═════ Data records ═════
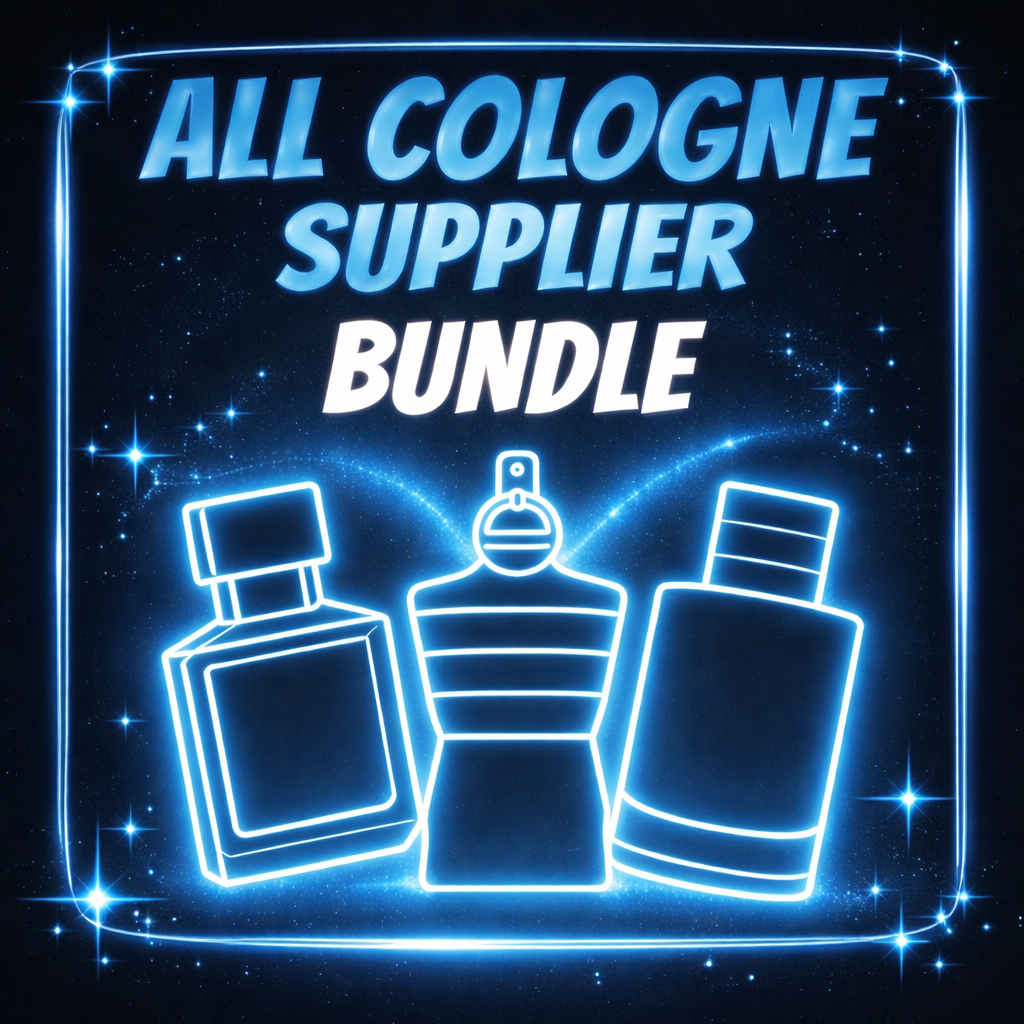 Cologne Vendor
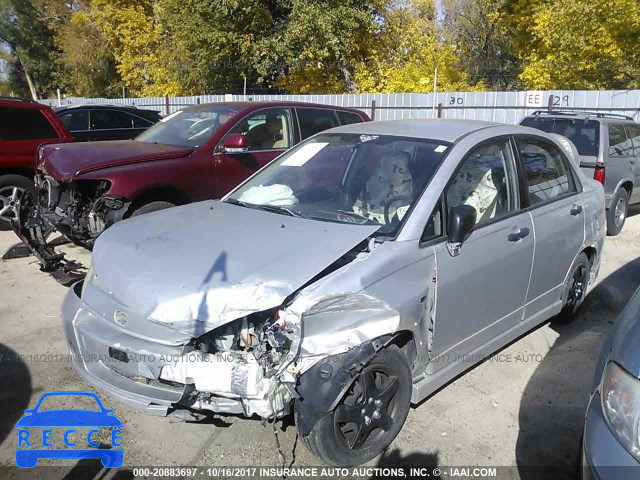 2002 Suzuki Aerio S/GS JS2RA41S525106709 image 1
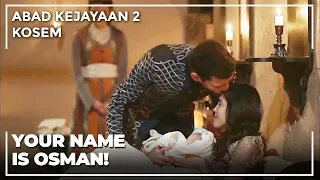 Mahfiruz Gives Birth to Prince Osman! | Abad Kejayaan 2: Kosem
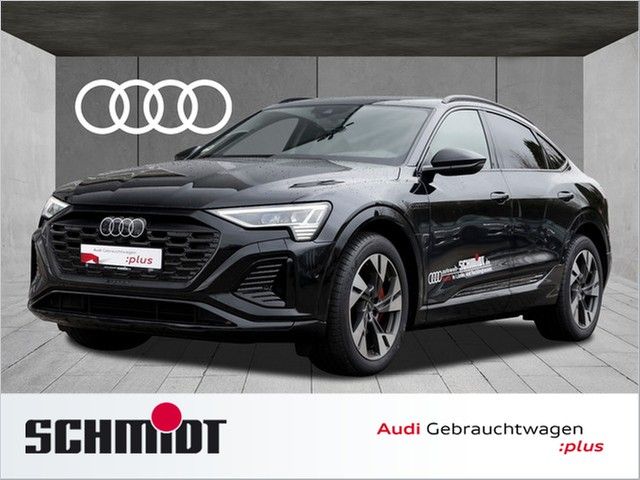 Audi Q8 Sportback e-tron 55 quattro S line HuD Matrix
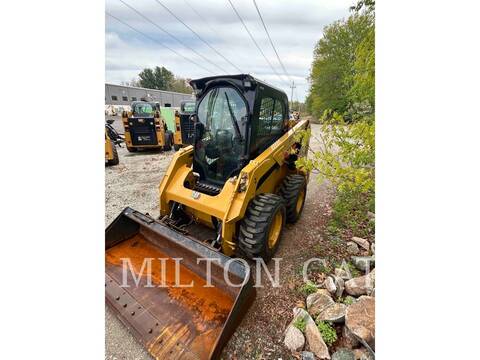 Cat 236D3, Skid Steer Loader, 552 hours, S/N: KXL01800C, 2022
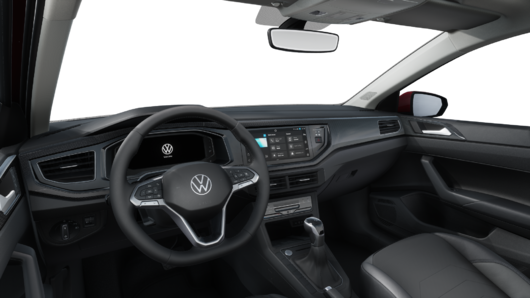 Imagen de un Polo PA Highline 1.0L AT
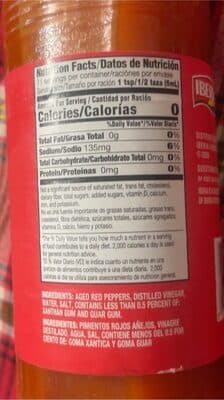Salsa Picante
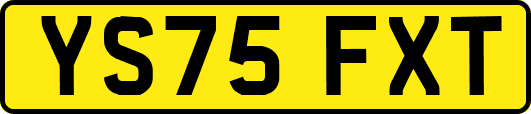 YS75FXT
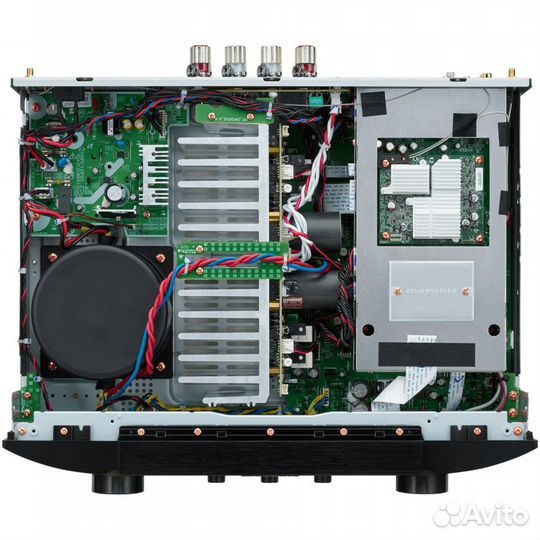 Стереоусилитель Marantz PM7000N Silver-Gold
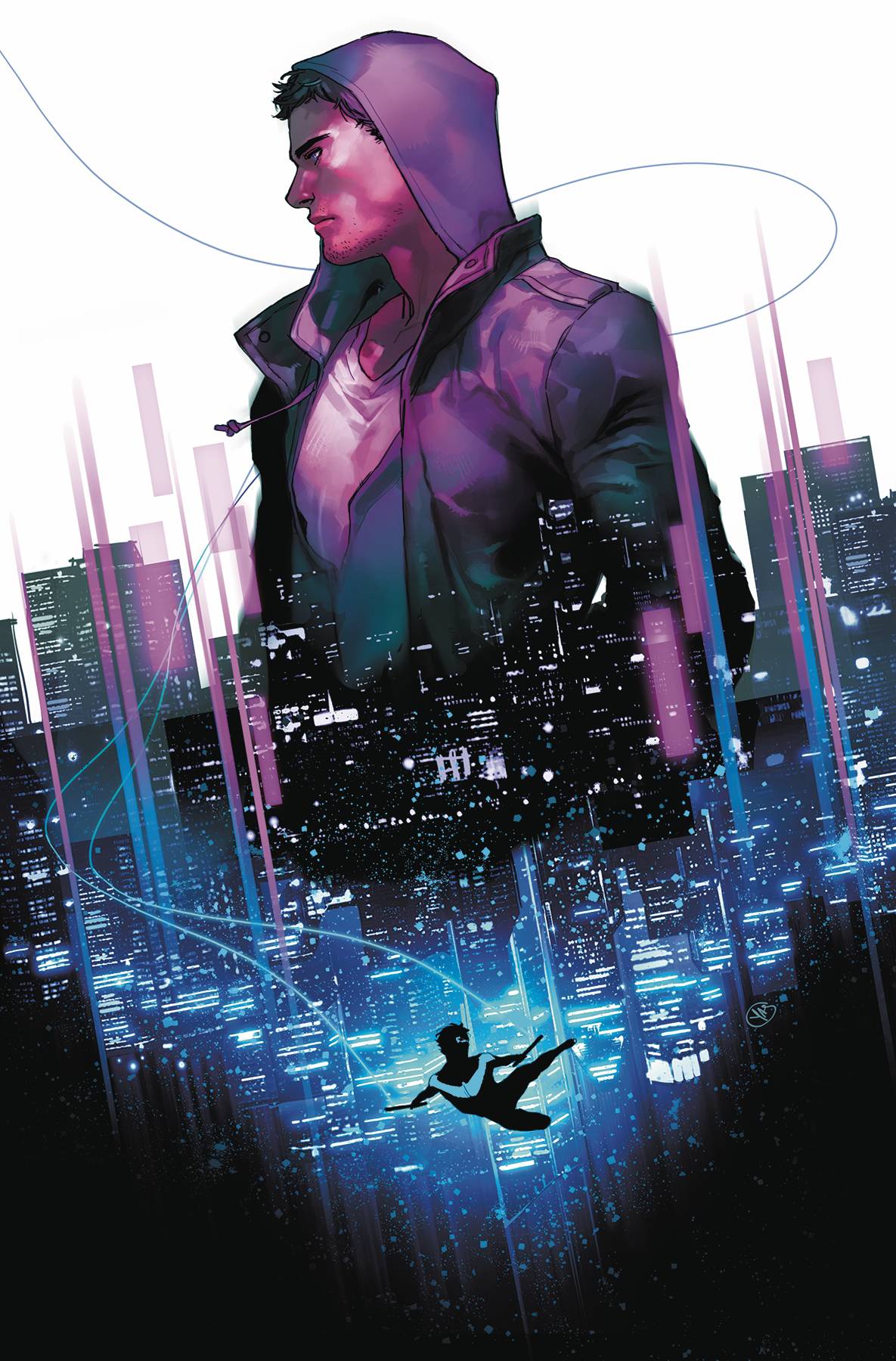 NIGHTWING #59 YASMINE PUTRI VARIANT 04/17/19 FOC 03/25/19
═════
§ **Exercise directions**
The expected output is an exact retyping of the lines from the line with "Cat 236D3, Skid" through the last line of the data, with both ends kept and the pictures dropped.

§ **The completed task**
 Cat 236D3, Skid Steer Loader, 552 hours, S/N: KXL01800C, 2022
 Imagen de un Polo PA Highline 1.0L AT
Salsa Picante
 YS75FXT
 Стереоусилитель Marantz PM7000N Silver-Gold
 NIGHTWING #59 YASMINE PUTRI VARIANT 04/17/19 FOC 03/25/19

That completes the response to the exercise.